On the basis of my case work, I feel strongly that Parliament should ensure that immigrant wives are no longer forced to submit to rape as a condition of their right to stay in Britain. I have known of several women who have fled brutal rapist husbands and then been faced with deportation orders because they were no longer living with the rapist. That must be put right. Women should be given legal help to fight their cases and financial help to enable them to escape from rapist husbands.
As it is so late in the day I shall try to be as brief as possible. But I must say that it is absurd that in 1994 British law still does not recognise the rape of men and boys. It is clear that the distinction between buggery that is really consensual anal sex and buggery that is really rape must be clarified in law. That legal distinction is long overdue, both for women and for men. Consensual sex of whatever nature is not the business of the law, but it is the law's job to protect women, men and children from anal rape.
Men and boys, like women and girls, are raped by strangers, by members of their families, by their partners in gay relationships, by casual acquaintances or dates, and, especially when they are young, by men in positions of power and authority over them. Male rape is especially common in prison. It is time that the law addressed that problem, which could easily be done by changing the word in the Sexual Offences (Amendment) Act from "she" to "person".
My last argument is that the law must cover other forms of rape. The present definition of rape is confined to what is commonly known as "sexual intercourse". That definition artificially excludes many assaults that women experience and suffer as rape, such as forced oral or anal intercourse. Unfortunately, many children are sexually abused by means of forced oral intercourse.
180 Also excluded is the use of objects such as bottles, broom handles, knives and men's hands. There was a famous case involving a Queen's guardsman, Thomas Holdsworth, who was freed by the court on the grounds that a gaol sentence would ruin his Army career. In legal terms he had not raped the woman involved, although he had used his fist, full of rings, which tore her internally.

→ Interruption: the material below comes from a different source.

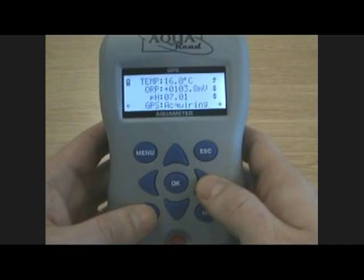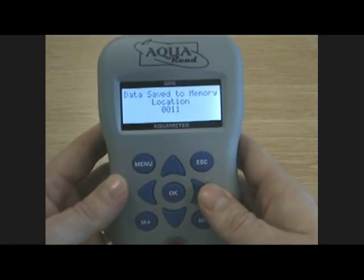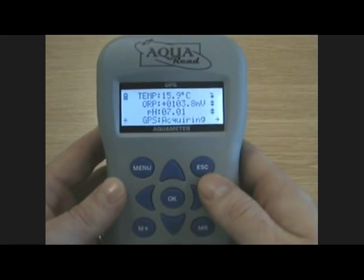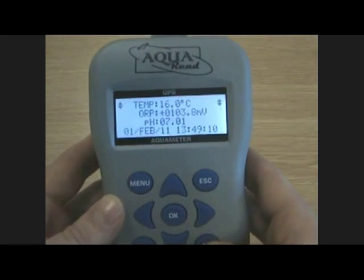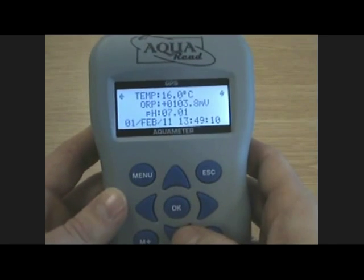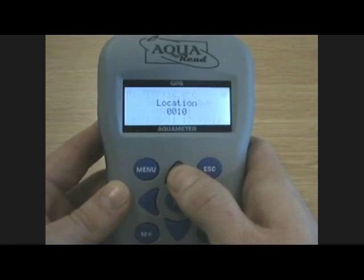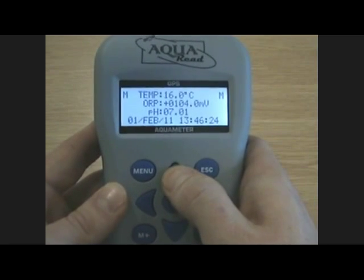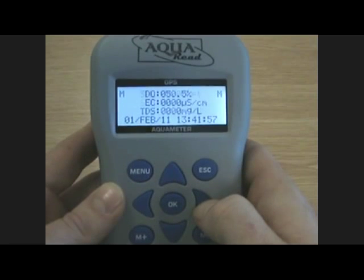One simple button press is all that's required to capture all of this information. By pressing M plus, the data is saved to the memory. By pressing memory recall, we can view that data. The last data taken is the first to be displayed and previous data sets can be displayed by scrolling upwards. Left and right will show you all of the data that's been captured.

The distinction made by the law and by many men between penile penetration and other sexual assault has nothing to do with the trauma that women suffer, or with women's perceptions. As the law stands, extremely violent and serious assaults are categorised only as indecent assault, and thus receive a far lesser penalty. The maximum sentence for indecent assault is 10 years, whereas for rape the maximum is life. The new criminal compensation scheme gives compensation of £3,000 for indecent assault, but gives £7,500 for rape.
The present legal definition of the offence of rape is outdated and indefensible and creates gross miscarriages of justice. There can be no excuse for Parliament's perpetuating that situation for one more day.
§ Mrs. Roche
With the leave of the House, Mr. Deputy Speaker, may I welcome the contributions made by my hon. Friends the Members for Walthamstow (Mr. Gerrard) and for Bow and Poplar (Ms Gordon). I am pleased that the new clause has had all-party support and I congratulate the hon. Member for Stratford-on-Avon (Mr. Howarth) on his excellent speech highlighting rape trauma syndrome.
Although I welcome the Minister's expression of the Government's sympathy over the discrepancy, I am disappointed that in such a wide-ranging Bill time could not have been found to deal with that area of the law. I hope that as the Bill makes progress, perhaps in another place, it may be possible to give the issue further consideration and to deal with it. But in view of what the Minister has said, I beg to ask leave to withdraw the motion.
§ Motion and clause, by leave, withdrawn.
§ Further consideration adjourned.—[Mr. Andrew Mitchell.]
§ Bill to be further considered this day.